* Description of the task
Under this line are records; the part from the line containing "Amethyst Nine Tail Fox on Custom Stand" through the line containing "White gold Fancy" should be repeated exactly. Please exclude pictures.
┄┄┄┄┄┄┄┄┄┄┄┄┄┄┄┄┄┄┄┄
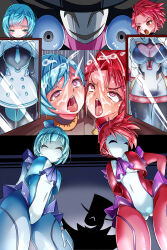 absurdres blue_eyes blue_hair bodysuit chibotakun cleavage clown_girl corruption dronification glowing_eyes hat hypnotic_phantom_(otomazer) mask mazer_cyan mazer_rosso open_mouth otomazer red_eyes red_hair restrained ribbon short_hair slime thighs tie tight_clothing tights rating:Safe score:25 user:MesMerZ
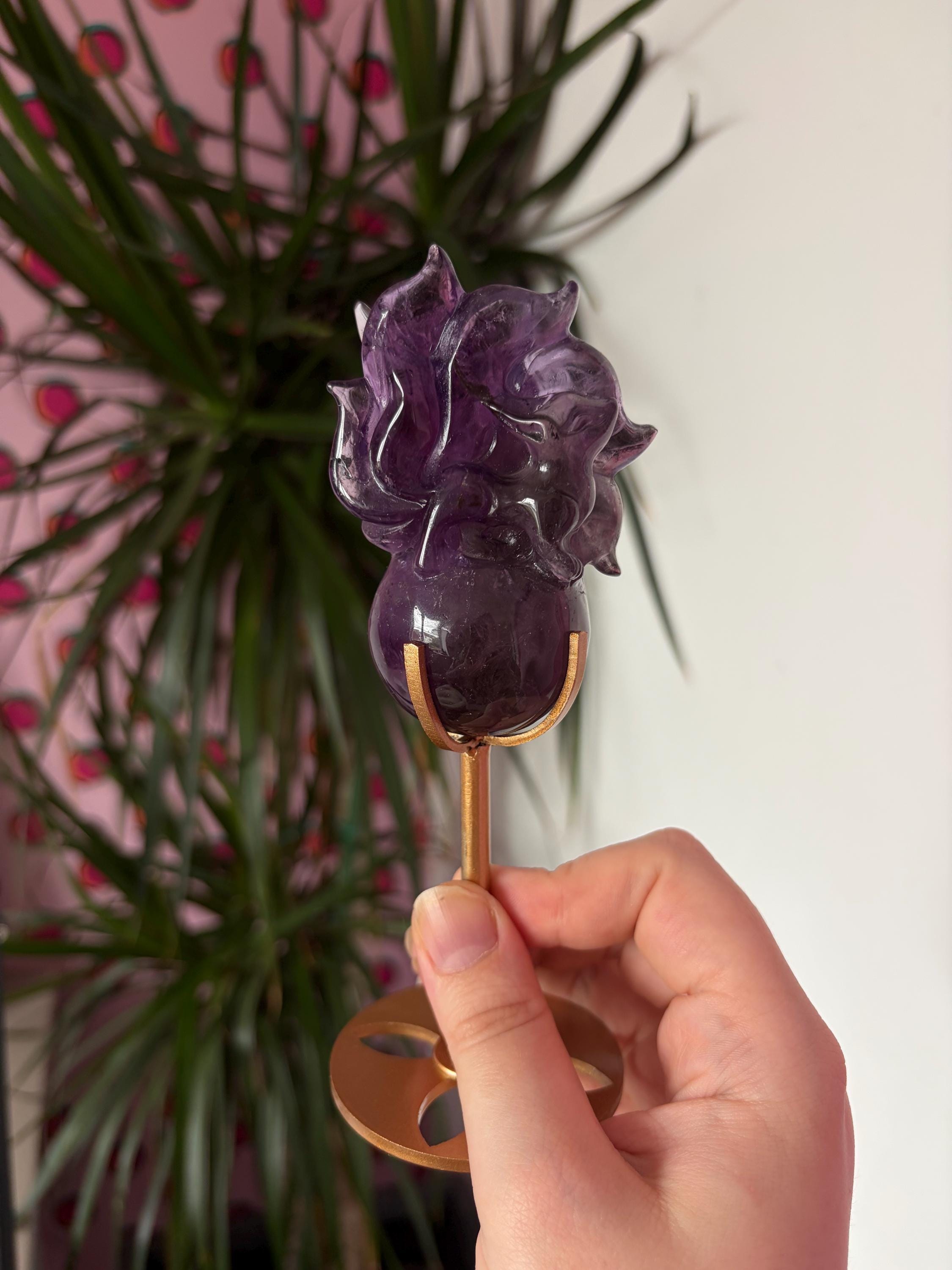 Amethyst Nine Tail Fox on Custom Stand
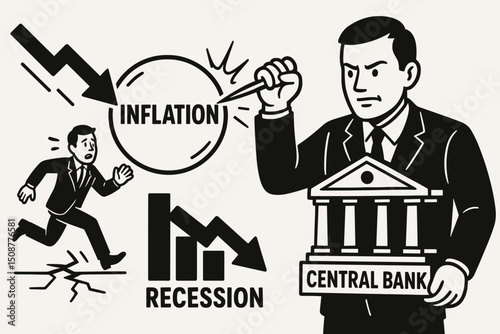 Economic Crisis Inflation Recession Vector Illustration Central Banking Financial Stress Business Concept Design Economic Downturn Policy Graphics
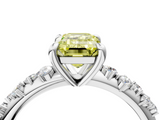White gold Fancy Yellow Emerald  Cut Diamond Vine Band with Four-Prong Setting_57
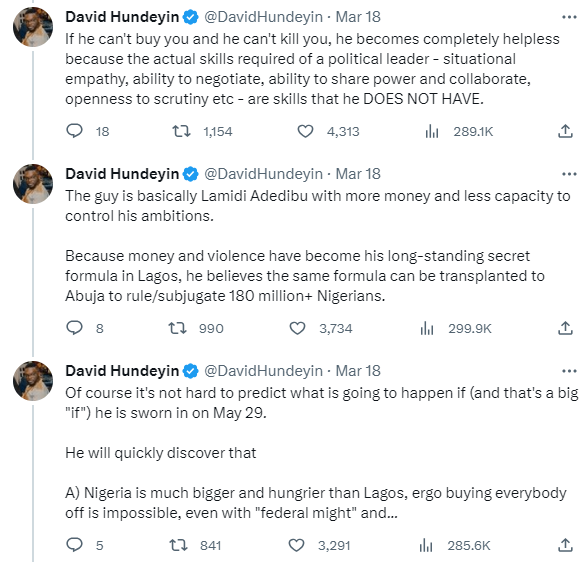 DavidHundeyin's tweet photo. If only it was clearly telegraphed that Tyrone's "presidency" would turn out exactly this way.

When I talk, don't just jump in to reflexively insult me. Read what I say and consider it on its merits before reacting instinctively.

Because I tend to know what I'm talking about. https://t.co/zdr8uzlcgn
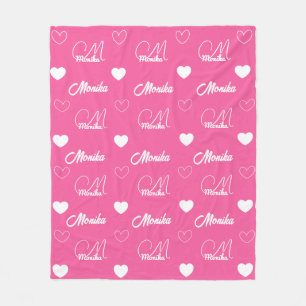 Cute Hot Pink Repeating Name personalized girly  Fleece Blanket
┄┄┄┄┄┄┄┄┄┄┄┄┄┄┄┄┄┄┄┄
* Exercise answer
 Amethyst Nine Tail Fox on Custom Stand
 Economic Crisis Inflation Recession Vector Illustration Central Banking Financial Stress Business Concept Design Economic Downturn Policy Graphics
White gold Fancy Yellow Emerald  Cut Diamond Vine Band with Four-Prong Setting_57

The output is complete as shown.